In Wert gesetzt: Sand = Nachhaltigkeit

Zwei Drittel der Weltbevölkerung leben heute in Bauten, deren materielle Substanz aus Sand besteht. Entwicklungen in der Kommunikationstechnologie, der Medizin oder dem Fahrzeugbau wären ohne den Werkstoff Sand undenkbar. Sand gehört neben den Fossilen-Brennstoffen und Wasser zu den wichtigsten Rohstoffen der menschlichen Zivilisation. Es ist vielen Menschen nicht bekannt, das Länder wie z.B. Dubai, Oman, Saudi Arabien oder Singapur zu den importierenden Sand-Staaten gehören.

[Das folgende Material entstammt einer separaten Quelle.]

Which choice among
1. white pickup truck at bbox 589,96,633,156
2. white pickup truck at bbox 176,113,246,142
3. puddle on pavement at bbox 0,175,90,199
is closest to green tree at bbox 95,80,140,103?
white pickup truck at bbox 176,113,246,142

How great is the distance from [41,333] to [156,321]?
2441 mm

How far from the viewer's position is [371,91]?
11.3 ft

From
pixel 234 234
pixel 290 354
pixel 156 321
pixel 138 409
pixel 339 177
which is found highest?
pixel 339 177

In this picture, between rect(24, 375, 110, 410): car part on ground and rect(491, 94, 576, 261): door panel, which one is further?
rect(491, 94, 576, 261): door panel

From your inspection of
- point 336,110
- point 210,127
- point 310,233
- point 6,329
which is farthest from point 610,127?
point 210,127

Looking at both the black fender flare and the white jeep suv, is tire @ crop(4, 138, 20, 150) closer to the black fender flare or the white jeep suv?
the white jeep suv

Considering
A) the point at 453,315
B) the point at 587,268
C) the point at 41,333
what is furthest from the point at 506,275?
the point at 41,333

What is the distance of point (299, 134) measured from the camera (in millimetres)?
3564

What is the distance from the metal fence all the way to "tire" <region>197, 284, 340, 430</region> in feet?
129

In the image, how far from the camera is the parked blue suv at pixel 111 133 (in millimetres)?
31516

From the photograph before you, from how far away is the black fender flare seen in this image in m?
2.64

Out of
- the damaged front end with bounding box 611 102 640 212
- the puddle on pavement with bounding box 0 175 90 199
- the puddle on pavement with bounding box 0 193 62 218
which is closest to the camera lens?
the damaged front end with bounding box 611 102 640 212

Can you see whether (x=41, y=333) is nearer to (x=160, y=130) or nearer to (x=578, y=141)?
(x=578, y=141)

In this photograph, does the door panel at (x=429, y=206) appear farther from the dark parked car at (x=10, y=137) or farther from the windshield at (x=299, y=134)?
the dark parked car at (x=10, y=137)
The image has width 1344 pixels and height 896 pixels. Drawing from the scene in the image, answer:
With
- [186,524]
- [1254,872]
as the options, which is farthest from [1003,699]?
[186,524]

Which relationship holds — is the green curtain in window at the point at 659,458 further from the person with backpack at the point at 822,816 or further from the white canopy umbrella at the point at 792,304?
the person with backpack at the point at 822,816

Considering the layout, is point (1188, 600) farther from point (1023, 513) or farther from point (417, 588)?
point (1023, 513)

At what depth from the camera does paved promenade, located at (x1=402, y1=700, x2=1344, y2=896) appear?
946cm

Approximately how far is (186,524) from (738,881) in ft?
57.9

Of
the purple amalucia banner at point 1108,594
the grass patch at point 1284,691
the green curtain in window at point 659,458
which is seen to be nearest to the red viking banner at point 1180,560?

In diesen Staaten hat sich eine regelrechte Sandmafia etabliert, die den dringend benötigten Baustoff, illegal, in den Hoheitsgewässern anderer Staaten abbaut und dann meistbietend verkauft. Das hat zur Folge, dass in den zurückliegenden zwei Dekaden rund 60 Inseln von der Landkarte verschwunden sind.Ein Bewusstsein für diesen alltäglichen Rohstoff kann nur dadurch erreicht werden, wenn wir SAND in WERT setzen. Die Begegnung mit Kuratorin Adrienne Goehler im Sommer 2014 hat meinen künstlerischen Fokus bestärkt, auch nach der Weltdekade der Vereinten Nationen „Bildung für nachhaltige Entwicklung“ (2005-2014), das Thema SAND und die öffentliche Auseinandersetzung mit der schützenswerten Ressource, noch stärker zu verfolgen. Seit fast 30 Jahren beschäftige ich mich mit dem Werkstoff Sand und hatte das Glück, auf drei Kontinenten mein Wissen über diesen wichtigen Rohstoff zu lehren und mehren. Bei den Menschen ein Bewusstsein für das Thema Sand, der allem Anschein nach unbegrenzt und kostenfrei zur Verfügung steht, zu schaffen, ist ein Anliegen, das ich mit meiner künstlerischen Arbeit untersuche und erforsche.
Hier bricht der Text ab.